== Data for analysis ==
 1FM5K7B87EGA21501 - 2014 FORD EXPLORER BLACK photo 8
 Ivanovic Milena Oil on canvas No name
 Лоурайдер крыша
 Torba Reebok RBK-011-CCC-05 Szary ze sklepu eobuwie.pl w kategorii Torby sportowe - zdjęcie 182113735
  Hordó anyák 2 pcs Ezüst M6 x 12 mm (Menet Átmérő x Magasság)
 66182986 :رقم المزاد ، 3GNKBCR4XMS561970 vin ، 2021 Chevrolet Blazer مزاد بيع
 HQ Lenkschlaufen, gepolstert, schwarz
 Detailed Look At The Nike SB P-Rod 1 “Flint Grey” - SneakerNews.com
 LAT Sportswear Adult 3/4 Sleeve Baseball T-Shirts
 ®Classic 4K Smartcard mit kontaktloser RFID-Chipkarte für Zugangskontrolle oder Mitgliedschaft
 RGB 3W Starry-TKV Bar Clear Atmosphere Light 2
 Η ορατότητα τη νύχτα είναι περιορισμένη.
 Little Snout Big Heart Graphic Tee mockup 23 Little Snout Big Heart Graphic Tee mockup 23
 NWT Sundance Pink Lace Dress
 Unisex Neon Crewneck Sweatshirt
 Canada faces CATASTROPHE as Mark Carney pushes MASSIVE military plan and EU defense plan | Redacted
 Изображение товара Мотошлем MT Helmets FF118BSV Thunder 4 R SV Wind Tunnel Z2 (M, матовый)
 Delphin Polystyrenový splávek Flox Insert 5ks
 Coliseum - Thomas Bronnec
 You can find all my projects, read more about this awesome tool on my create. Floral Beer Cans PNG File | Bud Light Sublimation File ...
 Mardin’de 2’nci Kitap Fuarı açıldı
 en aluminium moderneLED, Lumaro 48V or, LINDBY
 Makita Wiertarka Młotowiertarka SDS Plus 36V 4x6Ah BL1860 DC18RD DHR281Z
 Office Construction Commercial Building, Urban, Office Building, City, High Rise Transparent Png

== How to complete this task ==
From the listing above, the lines starting with the one that has "NWT Sundance Pink Lace Dress" and running through the one that has "Coliseum - Thomas Bronnec" should be copied exactly, ends included.

== Answer to this problem ==
 NWT Sundance Pink Lace Dress
 Unisex Neon Crewneck Sweatshirt
 Canada faces CATASTROPHE as Mark Carney pushes MASSIVE military plan and EU defense plan | Redacted
 Изображение товара Мотошлем MT Helmets FF118BSV Thunder 4 R SV Wind Tunnel Z2 (M, матовый)
 Delphin Polystyrenový splávek Flox Insert 5ks
 Coliseum - Thomas Bronnec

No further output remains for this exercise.